> [Your goal]:
The line containing "드리스 반 노튼 스트링 후디 상품이미지4" and every line after it to the end of the records: set those down exactly, without any pictures.
#### Materials provided
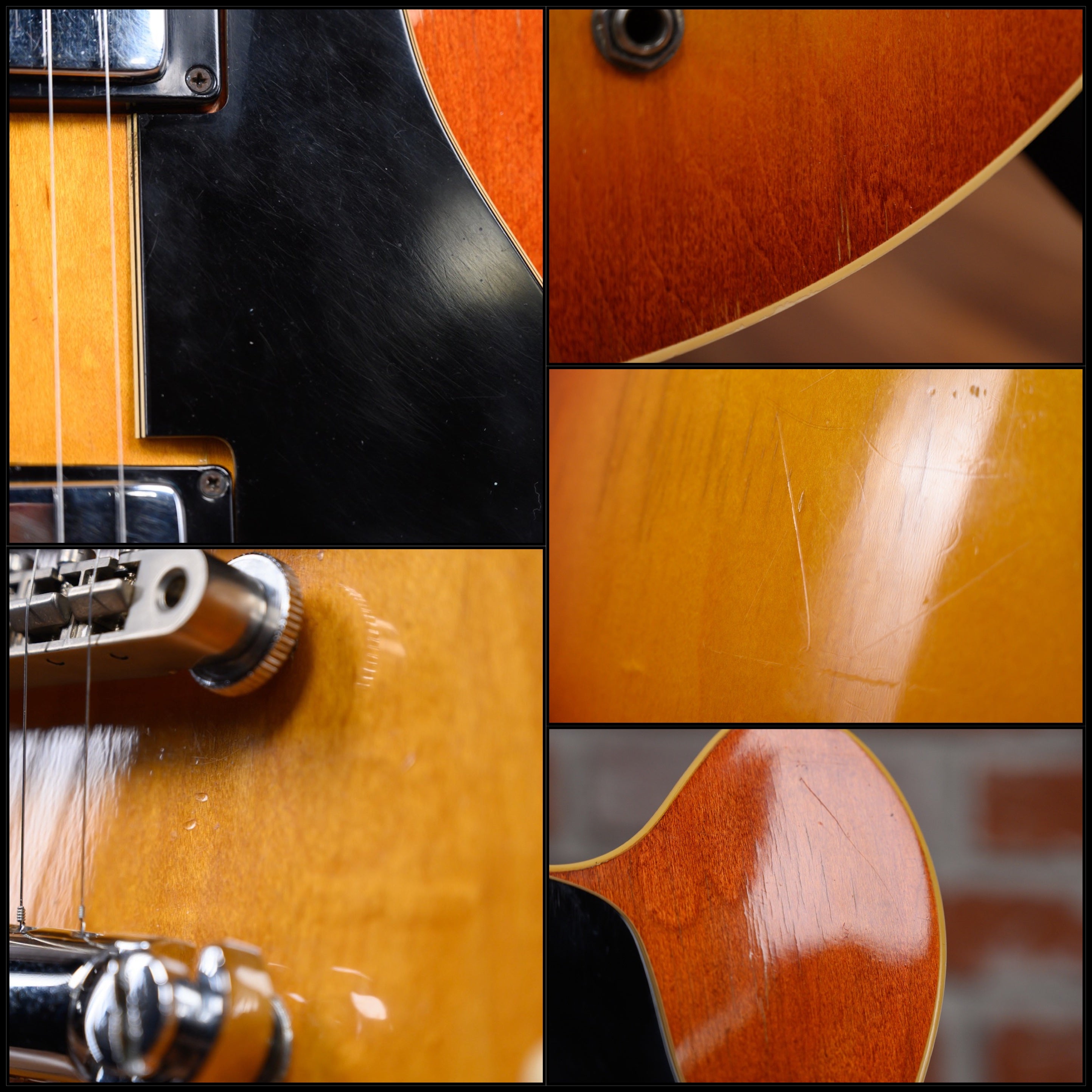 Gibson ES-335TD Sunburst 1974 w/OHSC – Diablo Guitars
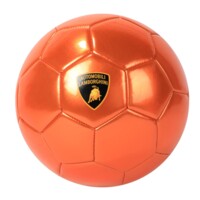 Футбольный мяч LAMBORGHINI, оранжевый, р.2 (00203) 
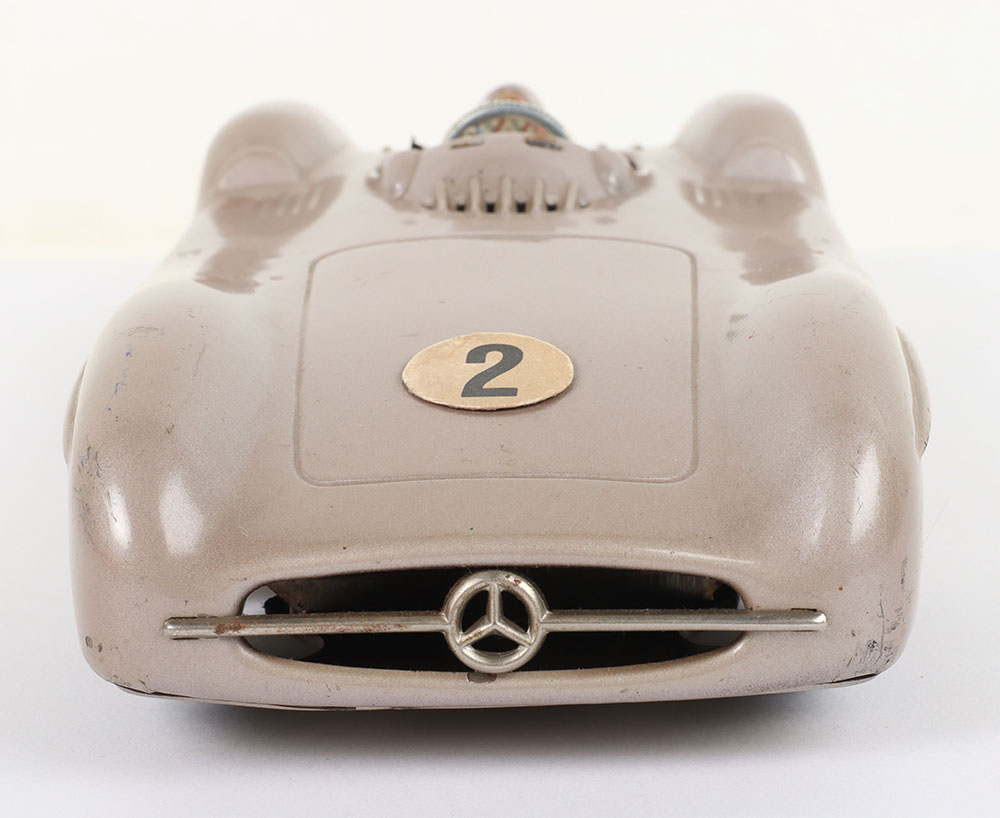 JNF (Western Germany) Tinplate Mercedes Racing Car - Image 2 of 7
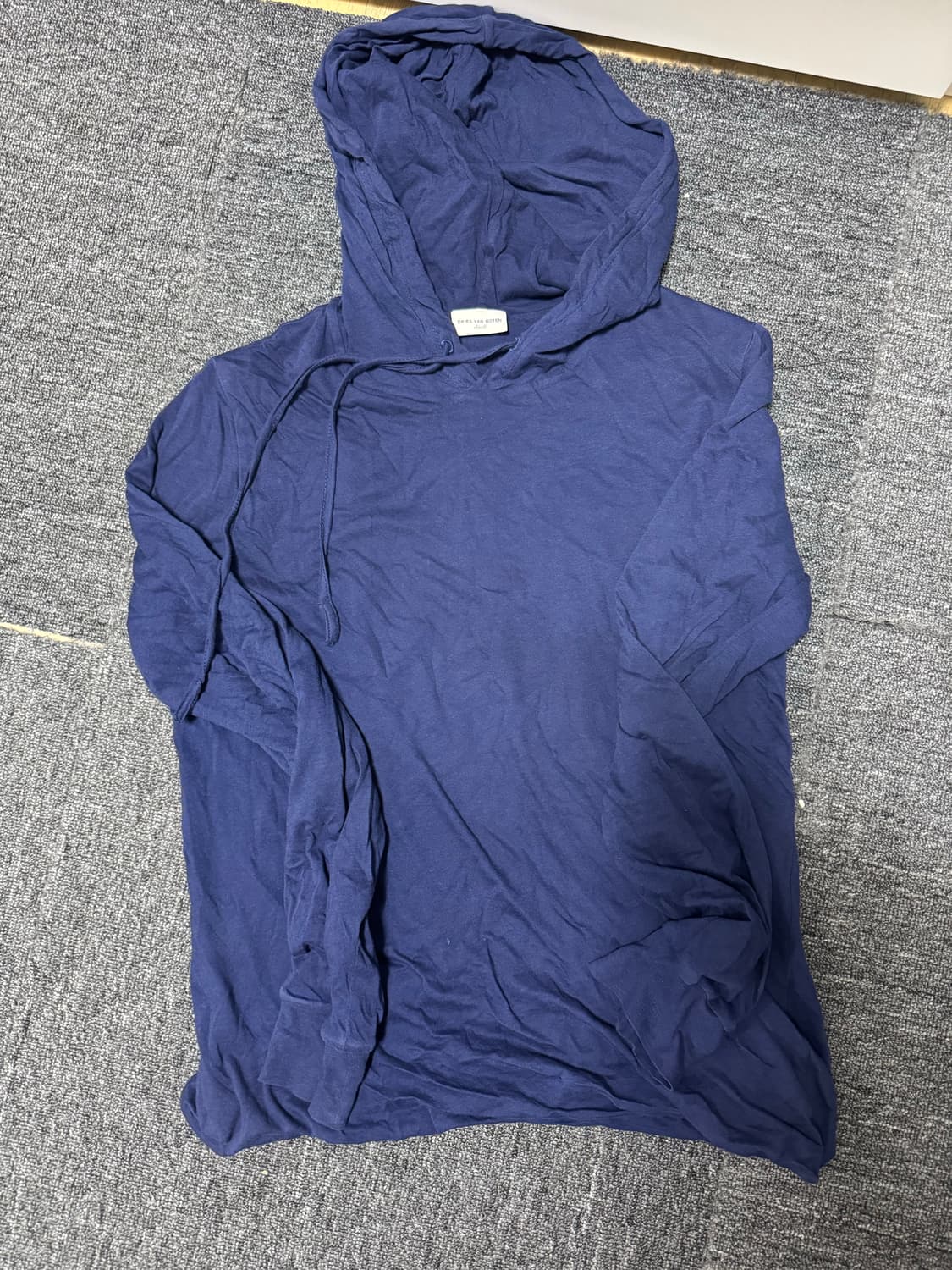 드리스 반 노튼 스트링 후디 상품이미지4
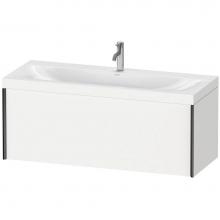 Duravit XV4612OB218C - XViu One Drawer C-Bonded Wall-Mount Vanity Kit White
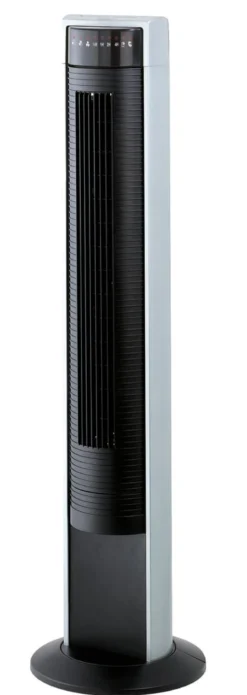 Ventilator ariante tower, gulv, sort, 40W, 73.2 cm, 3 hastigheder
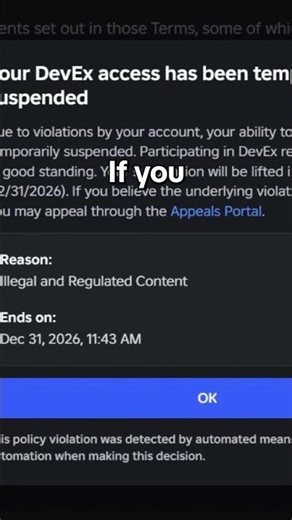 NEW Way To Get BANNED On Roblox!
########
> [Answer to this problem]:
 드리스 반 노튼 스트링 후디 상품이미지4
 Duravit XV4612OB218C - XViu One Drawer C-Bonded Wall-Mount Vanity Kit White
 Ventilator ariante tower, gulv, sort, 40W, 73.2 cm, 3 hastigheder
 NEW Way To Get BANNED On Roblox!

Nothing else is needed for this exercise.